América Latina en la hora de Lula
Brasil se había transformado en el eslabón más frágil de América Latina, por combinar factores económicosociales explosivos, con una acumulación de fuerzas del movimiento popular en los planos social y político
superior a la de los otros países del continente desde los años ochenta. Era el país comparativamente más
atrasado de la región en el desarrollo socioeconómico y en la construcción de fuerzas políticas.
Brasil fue favorecido por el “privilegio del atraso” -categoría utilizada por Trotski-, al revertir las condiciones que
lo desfavorecían. Del golpe militar de 1964 al final de la dictadura se estructuró una nueva izquierda y un nuevo
movimiento social, mientras otros países con izquierdas y movimientos populares más fuertes -como Chile,
Argentina y Uruguay- tuvieron golpes relativamente más tarde, dada esa mayor fuerza, pero por eso mismo
también fueron víctimas de represiones más duras.
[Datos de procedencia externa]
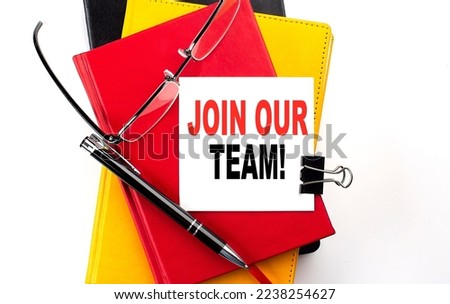 JOIN OUR TEAM text written on st icky on colorful notebooks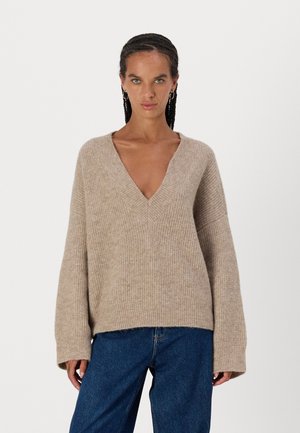 Beige gestrickter Pullover mit tiefem V-Ausschnitt, weiten Ärmeln und geripptem Muster. Kombiniert mit hoch taillierten blauen Jeans.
El resultado es que Brasil se desarrolló más en términos industriales durante la dictadura militar, sin resolver la
cuestión agraria y sin superar su significativa peor distribución de renta. La izquierda se fortaleció, en un marco
social que mantenía sus fragilidades. El Partido de los Trabajadores, la CUT y el MST son productos directos de
esa combinación, que terminó haciendo que las contradicciones se agudizaran más en Brasil que en los otros
países de la región.
La elección de Lula -como él mismo constató en su discurso de toma de posesión- es el resultado de un largo
proceso histórico, que desemboca en el primer presidente de izquierda elegido en el país. Su victoria abre un
nuevo período en América Latina, cualquiera que sea el destino de su gobierno, porque representa la elección de
un candidato y de un partido que proponen, por primera vez en el continente, la ruptura con el modelo neoliberal
puesto en práctica en Brasil en la década anterior.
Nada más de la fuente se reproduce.